Rappel du caractère exceptionnel de l'effacement et de ses conditions de mise en oeuvre
Le choix a été opéré par le Ministère de l'Ecologie de favoriser la solution de destruction des ouvrages (Circulaires de 2010 et 2013). Les services de l'Etat ont également appuyé cette proposition dans les commissions de certaines Agences de l'eau en charge d'élaborer les programmes de mesures (subvention maximale à l'effacement, minimale aux dispositifs de franchissement non destructifs). La légalité de ce choix est contestée, car les notions d'effacement (arasement, dérasement) sont absentes de la LEMA 2006 et de la loi de Grenelle 2009, qui demandent au contraire des aménagements et équipements. Il est démontré sans conteste que les députés et sénateurs ont volontairement exclu la mention de l'effacement dans les textes de loi relatifs à la continuité écologique. Outre la légalité douteuse des injonctions à effacer, plusieurs problèmes écologiques se posent, qui sont actuellement mal gérés en cas d'effacement : bilan chimique des nutriments, bilan de pollution des sédiments, risques d'espèces invasives, tenue des berges et fondations, garanties sur les crues et étiages, absence d'évaluation des services rendus par les écosystèmes aménagés, etc. Enfin, ce choix est perçu comme une provocation symbolique par les associations, et fait apparaître la réforme de continuité écologique comme une entreprise punitive, excessive et autoritaire.
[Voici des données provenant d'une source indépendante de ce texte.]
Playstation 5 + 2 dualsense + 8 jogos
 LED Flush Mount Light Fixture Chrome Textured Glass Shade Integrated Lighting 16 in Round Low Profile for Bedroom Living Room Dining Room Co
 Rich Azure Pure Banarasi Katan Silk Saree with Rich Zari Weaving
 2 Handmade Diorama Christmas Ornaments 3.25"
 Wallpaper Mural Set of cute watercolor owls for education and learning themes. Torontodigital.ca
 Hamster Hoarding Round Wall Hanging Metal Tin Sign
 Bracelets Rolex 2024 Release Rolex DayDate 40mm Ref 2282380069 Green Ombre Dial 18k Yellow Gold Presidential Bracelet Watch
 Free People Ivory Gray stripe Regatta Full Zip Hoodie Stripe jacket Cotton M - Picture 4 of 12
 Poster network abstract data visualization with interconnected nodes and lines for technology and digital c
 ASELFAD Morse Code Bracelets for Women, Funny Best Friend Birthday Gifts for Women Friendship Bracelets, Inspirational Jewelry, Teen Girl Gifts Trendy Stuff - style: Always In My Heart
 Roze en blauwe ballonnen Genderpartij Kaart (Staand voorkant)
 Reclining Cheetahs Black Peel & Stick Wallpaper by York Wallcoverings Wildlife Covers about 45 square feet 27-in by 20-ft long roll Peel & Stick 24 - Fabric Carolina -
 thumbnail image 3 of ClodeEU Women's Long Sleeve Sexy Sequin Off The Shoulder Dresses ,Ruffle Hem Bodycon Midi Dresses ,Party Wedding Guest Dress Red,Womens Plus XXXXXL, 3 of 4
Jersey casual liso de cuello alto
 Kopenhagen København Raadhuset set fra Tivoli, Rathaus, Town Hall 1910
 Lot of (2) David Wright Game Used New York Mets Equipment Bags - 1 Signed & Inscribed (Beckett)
Il ne paraît pas possible d'obtenir une adhésion à la réforme sans commencer par formaliser un rappel du caractère exceptionnel de l'effacement, l'urgence de l'entourer de toutes les précautions environnementales nécessaires s'il est la seule option souhaitée et la nécessité de le proscrire dès lors que le maître d'ouvrage, ou les tiers ayant-droit dans l'influence du remous s'y opposent. Une instruction formelle devra être donnée aux services préfectoraux en ce sens, afin que chaque maître d'ouvrage comme chaque tiers dans l'influence du site puisse s'en prévaloir et se prémunir d'une interprétation locale tendancieuse de la loi.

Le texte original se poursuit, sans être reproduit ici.